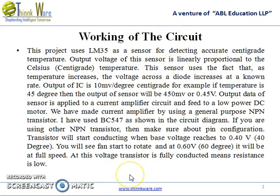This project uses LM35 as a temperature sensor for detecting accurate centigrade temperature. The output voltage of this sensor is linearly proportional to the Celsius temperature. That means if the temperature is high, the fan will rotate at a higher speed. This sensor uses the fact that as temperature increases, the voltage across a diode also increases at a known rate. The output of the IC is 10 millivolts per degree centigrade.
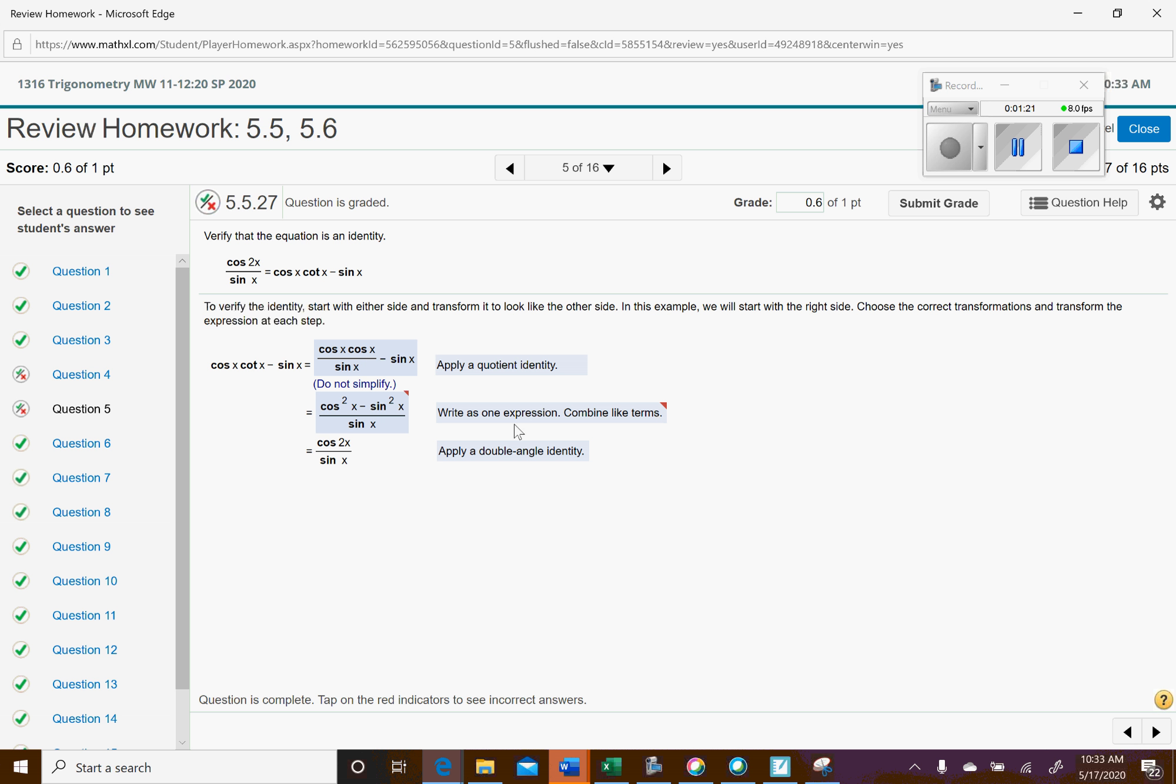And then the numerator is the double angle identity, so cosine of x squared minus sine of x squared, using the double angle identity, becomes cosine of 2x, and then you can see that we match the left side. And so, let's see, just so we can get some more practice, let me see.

━━━━

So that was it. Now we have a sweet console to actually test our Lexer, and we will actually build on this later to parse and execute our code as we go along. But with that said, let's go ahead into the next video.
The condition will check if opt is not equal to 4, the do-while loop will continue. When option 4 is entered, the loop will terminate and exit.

━━━━

PROBLEM REQUIREMENTS:
Within the data above, the lines from the one with "So that was" to the one with "The condition will" must be repeated exactly; no other line belongs in the answer.

YOUR RESPONSE:
So that was it. Now we have a sweet console to actually test our Lexer, and we will actually build on this later to parse and execute our code as we go along. But with that said, let's go ahead into the next video.
The condition will check if opt is not equal to 4, the do-while loop will continue. When option 4 is entered, the loop will terminate and exit.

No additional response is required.